Supplied records:
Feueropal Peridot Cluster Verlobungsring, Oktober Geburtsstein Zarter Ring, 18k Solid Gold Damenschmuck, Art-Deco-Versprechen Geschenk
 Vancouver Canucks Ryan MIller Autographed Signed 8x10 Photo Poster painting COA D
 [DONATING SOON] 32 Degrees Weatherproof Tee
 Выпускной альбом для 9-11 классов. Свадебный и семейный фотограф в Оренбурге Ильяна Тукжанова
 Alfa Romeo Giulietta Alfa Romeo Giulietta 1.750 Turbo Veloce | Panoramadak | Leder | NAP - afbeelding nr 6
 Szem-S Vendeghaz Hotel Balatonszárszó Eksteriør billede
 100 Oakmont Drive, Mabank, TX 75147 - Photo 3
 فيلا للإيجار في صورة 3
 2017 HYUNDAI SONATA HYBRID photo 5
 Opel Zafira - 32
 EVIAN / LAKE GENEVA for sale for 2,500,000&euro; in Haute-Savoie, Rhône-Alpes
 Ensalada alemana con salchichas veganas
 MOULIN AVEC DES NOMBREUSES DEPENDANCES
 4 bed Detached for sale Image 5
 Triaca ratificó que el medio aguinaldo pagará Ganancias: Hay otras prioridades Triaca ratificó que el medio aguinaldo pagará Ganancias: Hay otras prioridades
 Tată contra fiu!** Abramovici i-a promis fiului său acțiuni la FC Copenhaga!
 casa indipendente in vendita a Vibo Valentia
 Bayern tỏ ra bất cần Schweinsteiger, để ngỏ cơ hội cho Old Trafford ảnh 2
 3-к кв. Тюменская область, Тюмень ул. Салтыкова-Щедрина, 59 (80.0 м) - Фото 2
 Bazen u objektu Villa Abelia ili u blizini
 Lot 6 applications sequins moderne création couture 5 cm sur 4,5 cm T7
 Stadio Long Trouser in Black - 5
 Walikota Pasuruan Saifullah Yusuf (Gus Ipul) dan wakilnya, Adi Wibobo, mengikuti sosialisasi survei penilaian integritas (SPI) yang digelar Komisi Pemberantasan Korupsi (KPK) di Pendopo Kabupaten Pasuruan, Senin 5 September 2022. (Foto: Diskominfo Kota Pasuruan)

What is being asked: Every line above in which the word "sale" occurs is to be copied.

Exercise response:
 EVIAN / LAKE GENEVA for sale for 2,500,000&euro; in Haute-Savoie, Rhône-Alpes
 4 bed Detached for sale Image 5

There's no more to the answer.